His sister Paula remembered him as a child fearful of the dark and heights, stubborn and not at all prepared to apologize for any misbehavior. In school, he was judged "not very suitable (minder entsprechend)" for having intentionally and frequently disturbed the lessons during the year.
His father was the chairman of the Gabinetto di Lettura Goriziano, a local cultural association for the fostering of literary culture, and he pushed his son towards literary study. His mother Emma Luzzatto came from an old and renowned Jewish family of Italian irredentist leanings. Carlo was considered an introverted boy, but by the end of high school (completed in Gorizia), he developed into a brilliant, athletic, intelligent youth. He enrolled in the department of mathematics at the University of Vienna, but soon moved to Florence, a city he savored for its arts and language. There he formed friendships with other students, and in the end enrolled in the department of letters of the local Istituto di Studi Superiori (1905). He majored in Greek and Latin, and selected for his laurea thesis a philosophical study of persuasion and rhetoric in ancient philosophy. In 1909 he returned to Gorizia and set himself to work on the thesis.

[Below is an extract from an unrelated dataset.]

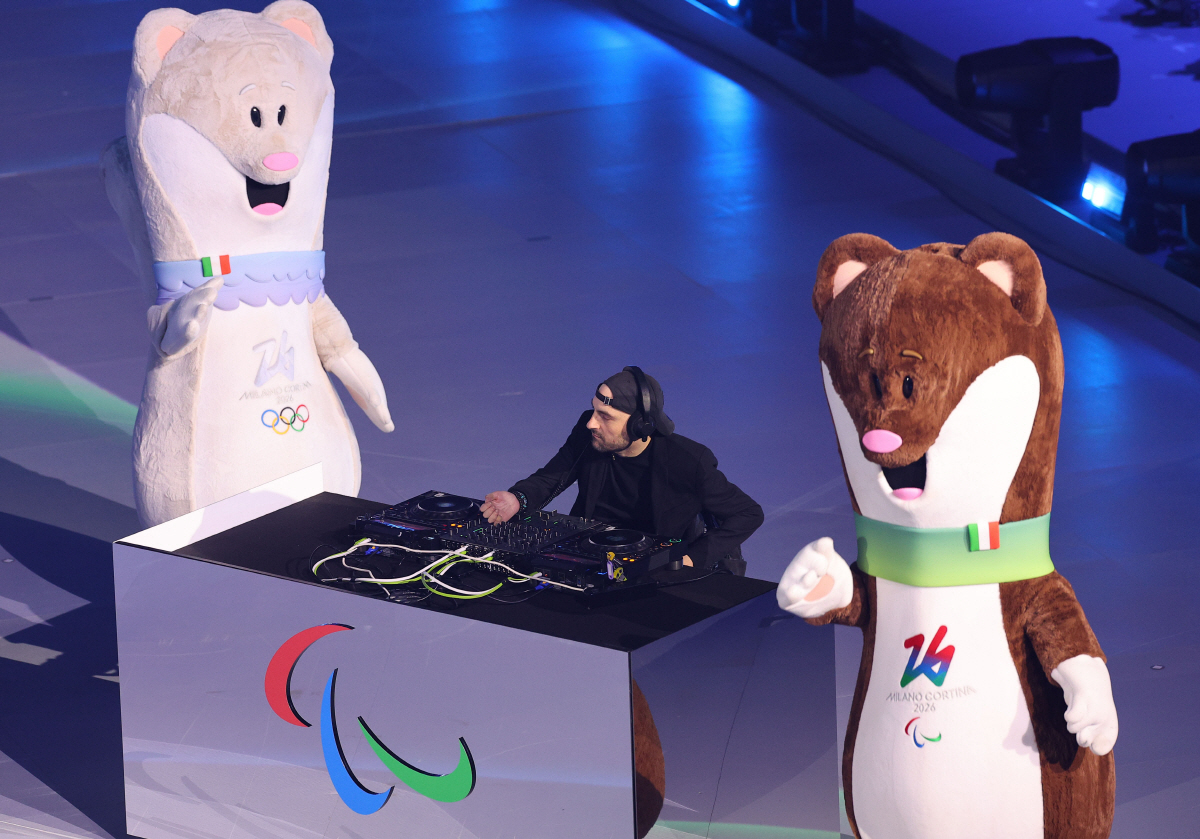 "컬링銀 백혜진X스노보드銅 이제혁 폐회식 기수" 밀라노-코르티나 열흘 열…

By about the fall of 1910, he completed his work, finishing the appendices by 17 October. He was surely very tired, and that day he had a fight with his mother, who complained he had not wished her a happy birthday. Left alone, Carlo took a loaded pistol he had in the house and killed himself. One of his friends from Florence, a Russian woman, had also committed suicide, and probably also a brother who lived in America. Friends and relatives published his works and collected his writings, now in the Biblioteca Civica di Gorizia.